27 ‘Jullie zullen je allemaal voor Mij schamen,’ zei Jezus. ‘Want in de Boeken staat: “Ik zal de herder doden en de schapen zullen uiteengejaagd worden.”
28 Maar als Ik uit de dood ben teruggekomen, zal Ik naar Galilea gaan en jullie daar ontmoeten.’
29 Petrus zei tegen Hem: ‘Zelfs al zouden alle mensen zich voor U schamen, ik nooit!’
30 ‘Petrus,’ zei Jezus. ‘Ik verzeker je dat jij vannacht drie keer zult zeggen dat je Mij niet kent, nog voor de haan twee keer heeft gekraaid.’

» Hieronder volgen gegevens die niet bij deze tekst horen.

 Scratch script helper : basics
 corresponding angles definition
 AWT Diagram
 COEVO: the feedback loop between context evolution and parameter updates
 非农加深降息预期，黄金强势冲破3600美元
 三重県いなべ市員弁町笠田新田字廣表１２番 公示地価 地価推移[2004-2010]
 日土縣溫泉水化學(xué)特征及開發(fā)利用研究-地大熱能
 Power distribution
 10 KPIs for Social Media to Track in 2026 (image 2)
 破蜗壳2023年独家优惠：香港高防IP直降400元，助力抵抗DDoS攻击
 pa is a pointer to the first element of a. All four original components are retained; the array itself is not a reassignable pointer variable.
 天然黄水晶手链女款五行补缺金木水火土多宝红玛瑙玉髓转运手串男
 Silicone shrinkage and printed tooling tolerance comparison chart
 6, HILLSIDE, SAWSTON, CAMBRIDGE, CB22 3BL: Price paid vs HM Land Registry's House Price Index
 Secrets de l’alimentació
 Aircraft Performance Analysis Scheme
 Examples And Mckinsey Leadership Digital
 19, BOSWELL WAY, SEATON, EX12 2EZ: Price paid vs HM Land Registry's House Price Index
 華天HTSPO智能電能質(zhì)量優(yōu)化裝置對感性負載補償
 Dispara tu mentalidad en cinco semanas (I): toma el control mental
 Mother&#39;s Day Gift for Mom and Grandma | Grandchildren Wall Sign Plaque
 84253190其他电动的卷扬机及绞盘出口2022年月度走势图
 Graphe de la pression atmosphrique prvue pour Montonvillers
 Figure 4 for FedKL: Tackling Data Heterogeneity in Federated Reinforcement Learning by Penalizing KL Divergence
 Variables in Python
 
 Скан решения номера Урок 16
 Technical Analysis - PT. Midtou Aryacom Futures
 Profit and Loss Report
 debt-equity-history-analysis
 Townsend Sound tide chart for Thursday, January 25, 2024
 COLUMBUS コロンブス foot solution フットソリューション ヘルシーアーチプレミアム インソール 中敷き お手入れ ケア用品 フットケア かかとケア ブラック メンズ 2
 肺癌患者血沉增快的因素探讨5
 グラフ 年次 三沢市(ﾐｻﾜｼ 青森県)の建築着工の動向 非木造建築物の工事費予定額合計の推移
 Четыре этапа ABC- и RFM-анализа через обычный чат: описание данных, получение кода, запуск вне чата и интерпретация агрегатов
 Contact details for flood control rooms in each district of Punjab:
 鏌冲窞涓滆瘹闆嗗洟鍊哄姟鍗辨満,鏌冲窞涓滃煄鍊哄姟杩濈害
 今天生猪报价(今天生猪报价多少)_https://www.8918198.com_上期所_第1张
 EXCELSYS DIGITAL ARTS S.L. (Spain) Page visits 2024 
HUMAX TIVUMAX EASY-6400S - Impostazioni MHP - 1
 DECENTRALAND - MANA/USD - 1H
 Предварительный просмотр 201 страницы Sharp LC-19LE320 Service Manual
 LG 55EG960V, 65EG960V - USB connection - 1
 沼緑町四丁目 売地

31 ‘Zeggen dat ik U niet ken?’ viel Petrus uit. ‘Dat nooit! Al moest ik met U sterven!’ Ook de anderen zeiden dat zij dat nooit zouden doen.
32 Zij kwamen bij Gethsemané, een tuin op de helling van de Olijfberg. ‘Ga hier zitten,’ zei Jezus tegen zijn leerlingen. ‘Ik ga iets verderop bidden.’
33 Hij nam alleen Petrus, Jakobus en Johannes mee. Jezus begon bang te worden en kreeg het heel erg moeilijk.